A common trait among insertases is their involvement in the biogenesis of the TOM/ATOM complex and other α-helical OMM proteins. However, there is a degree of substrate specificity that differs between species. For instance, Ugo1 is unaffected by pATOM36, and similarly, Fis1 and Mcr1 can integrate into the OMM even in the absence of the MIM complex. Moreover, although MTCH1 can rescue the growth defect in MIM-deficient yeast, it does not appear to significantly affect the levels of canonical MTCH2 substrates when it individually knocked down in mammalian cells. These findings suggest that, despite functional convergence, insertases have diverged evolutionarily, likely adapting to species-specific requirements.

6 Insertase biogenesis – chicken or the egg?

An open question is how insertases themselves are integrated into the mitochondrial outer membrane. This presents a classic “chicken-and-egg” dilemma: if insertases are required for membrane insertion, how are the first insertase molecules embedded in the bilayer in the first place? One possibility is that a small number of insertase molecules can spontaneously integrate into the lipid bilayer. Supporting this idea, the observation that re-expression of Mim1 or heterologous insertases (such as MTCH1 or pATOM36) can rescue the growth defects of Mim1 deletion strains implies that some initial membrane integration can occur independently of pre-existing MIM complexes (Dimogkioka et al. 2024; Vitali et al. 2018a). This suggests that the biogenesis of re-introduced insertases may begin through a low-efficiency, spontaneous insertion process, which is later amplified as newly inserted insertase molecules facilitate the membrane integration of subsequent ones.
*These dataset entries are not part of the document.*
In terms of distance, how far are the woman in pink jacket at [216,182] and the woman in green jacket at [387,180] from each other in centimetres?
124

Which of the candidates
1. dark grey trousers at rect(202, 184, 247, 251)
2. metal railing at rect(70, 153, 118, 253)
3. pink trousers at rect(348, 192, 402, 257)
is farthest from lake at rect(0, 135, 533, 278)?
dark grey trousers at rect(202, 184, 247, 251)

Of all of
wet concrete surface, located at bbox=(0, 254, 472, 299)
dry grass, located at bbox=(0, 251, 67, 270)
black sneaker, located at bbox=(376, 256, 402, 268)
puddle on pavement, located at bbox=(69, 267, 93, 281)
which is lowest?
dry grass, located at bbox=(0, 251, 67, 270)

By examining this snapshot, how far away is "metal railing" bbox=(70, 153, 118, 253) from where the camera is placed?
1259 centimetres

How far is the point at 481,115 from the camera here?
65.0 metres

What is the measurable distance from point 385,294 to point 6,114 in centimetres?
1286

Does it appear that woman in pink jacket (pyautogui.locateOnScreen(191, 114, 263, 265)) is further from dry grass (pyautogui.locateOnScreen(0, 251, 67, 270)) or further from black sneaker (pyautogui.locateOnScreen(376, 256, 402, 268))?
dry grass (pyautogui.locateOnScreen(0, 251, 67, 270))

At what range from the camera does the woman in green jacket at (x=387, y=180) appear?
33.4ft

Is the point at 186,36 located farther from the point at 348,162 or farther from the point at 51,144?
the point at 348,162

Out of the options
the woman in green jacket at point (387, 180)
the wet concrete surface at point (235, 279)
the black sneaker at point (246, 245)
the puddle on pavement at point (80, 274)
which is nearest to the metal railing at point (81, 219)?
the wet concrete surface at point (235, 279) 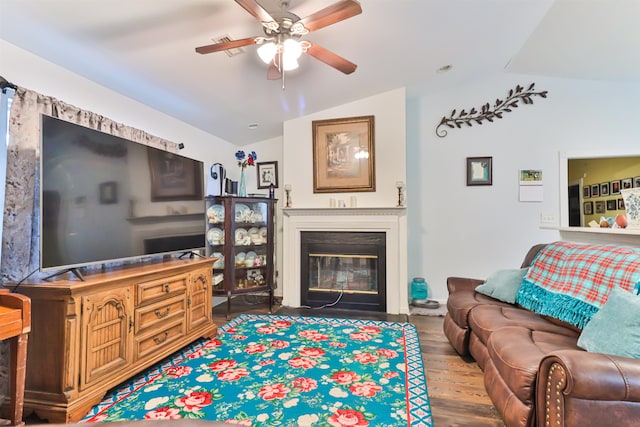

Given the existence of insertase-like proteins in other organelles, such as the ER, an important question is what ensures the organelle-specific localisation of mitochondrial insertases. It is still unclear whether the transmembrane domain alone determines their targeting to mitochondria or whether additional signals or cytosolic factors are required. For example, when Mim1 was fused to GFP at its N-terminus and overexpressed, it showed some mislocalisation to the ER (Vitali et al. 2018b). This mislocalisation was dramatically enhanced in the absence of Djp1, a J-protein co-chaperone implicated in Mim1 targeting (Papić et al. 2013). This observation suggests that specific targeting of insertases may rely on chaperone-mediated guidance or other cytosolic factors. Another possibility is that Mim1 mislocalisation to the ER is influenced by Spf1, an ER P5-type ATPase (Cronin et al. 2002). Spf1 plays a critical role in maintaining the lipid and sterol composition of intracellular membranes (Cronin et al. 2002) and its deletion promoted mistargeting of OMM tail-anchored proteins (like Gem1 and Fis1) to the ER (Krumpe et al. 2012). Later studies clearly demonstrated that Spf1 extracts mistargeted proteins from the ER membrane (McKenna et al. 2020). Thus, it is likely that the correct localisation of Mim1 to the OMM depends on Spf1 activity. Lastly, Mim1 mislocalisation might occur under stress conditions or during interactions with other organelles, such as the ER or lipid droplets. Understanding the determinants of mitochondrial specificity for insertases like Mim1, MTCH1/2, and pATOM36 will be essential to fully comprehend their regulation and function.